Workflow:Apache Paimon Blob Storage With Descriptors
| Knowledge Sources | |
|---|---|
| Domains | Data_Lake, Unstructured_Data, Data_Engineering |
| Last Updated | 2026-02-07 23:00 GMT |
Overview
End-to-end process for storing large binary objects (videos, images, models) in Paimon tables using blob-as-descriptor mode, where file references (path, offset, length) replace inline binary data for efficient metadata management.
Description
This workflow enables Paimon tables to reference large binary objects stored on external storage (OSS, S3, HDFS) without embedding the raw binary data in the table's data files. Instead of storing full binary payloads, the table stores serialized BlobDescriptor objects containing the storage path, byte offset, and length of each blob. This approach keeps table metadata compact, avoids data duplication, and enables lazy loading of binary content. The workflow supports row tracking and data evolution for progressive updates to blob-associated metadata.
Usage
Execute this workflow when you need to manage a catalog of large binary assets (videos, images, ML model weights, audio files) alongside structured metadata. This is the recommended approach when binary objects are already stored on cloud object storage and you want to track them in a Paimon table without copying the data.
Execution Steps
Step 1: Blob Table Schema Definition
Define a table schema that includes a large_binary column designated as the blob field. Enable blob-as-descriptor mode via table options, which instructs the writer to treat the blob column as containing serialized descriptors rather than raw binary data. Enable row tracking and data evolution for change management.
Key considerations:
- The blob column type must be large_binary
- Set blob-field option to the name of the binary column
- Set blob-as-descriptor to true to enable descriptor mode
- Enable row-tracking and data-evolution for update support
- Other columns store structured metadata alongside blob references
Step 2: Blob Descriptor Construction
For each binary object, obtain its storage location (path), byte offset within the file, and total length in bytes. Construct a BlobDescriptor object from these values and serialize it to bytes. The serialized descriptor replaces the raw binary data in the table write.
Key considerations:
- Use FileIO to query file sizes for offset and length calculation
- BlobDescriptors are lightweight metadata (path, offset, length)

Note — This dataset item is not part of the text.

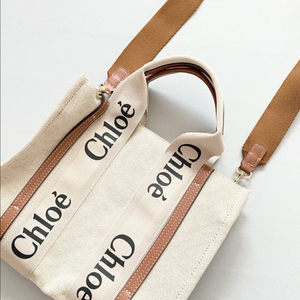 여성가방 여성백 숄더백 토트백 크로스벡 캔버스백 캔버스가방 이미지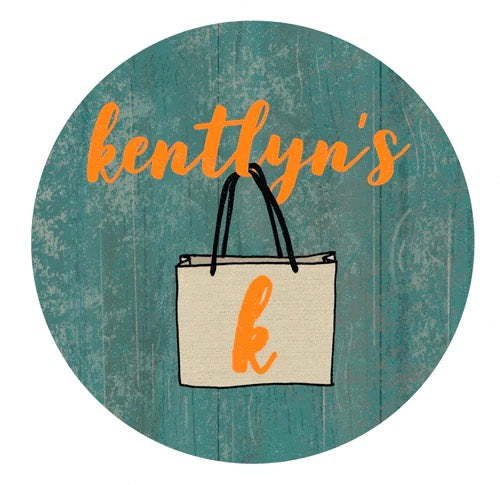 Kentlyn's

- Serialization produces a compact byte representation
- Multiple blobs can reference different regions of the same file
Step 3: Metadata and Descriptor Writing
Combine the structured metadata columns (text, names, tags) with the serialized blob descriptor column into a Pandas DataFrame or Arrow Table. Write the combined data to the Paimon table using the standard batch write builder and commit the transaction.
Key considerations:
- The blob column contains serialized BlobDescriptor bytes, not raw binary data
- Standard write and commit operations apply
- Table size remains proportional to metadata volume, not blob volume
- Multiple rows can be written in a single batch
Step 4: Reading and Descriptor Deserialization
Read the table using the standard scan-and-read pipeline. The blob column in the result contains serialized BlobDescriptor bytes. Deserialize each descriptor to recover the storage path, offset, and length of the referenced binary object.
Key considerations:
- The read path returns serialized descriptors, not raw binary data
- Deserialization reconstructs the BlobDescriptor object
- Reads are fast because blob data is not transferred
- Predicate pushdown on metadata columns works normally
Step 5: Lazy Blob Data Loading
For each deserialized BlobDescriptor, create a Blob object that provides lazy access to the underlying binary data. Use the FileUriReader with the table's FileIO configuration to read the binary content on demand. This enables selective loading of only the blobs needed for a given operation.
Key considerations:
- Blob data is loaded only when explicitly requested
- FileUriReader handles authentication and storage protocol details
- Data is read from the original storage location (no copies)
- Large blobs can be read in chunks for memory efficiency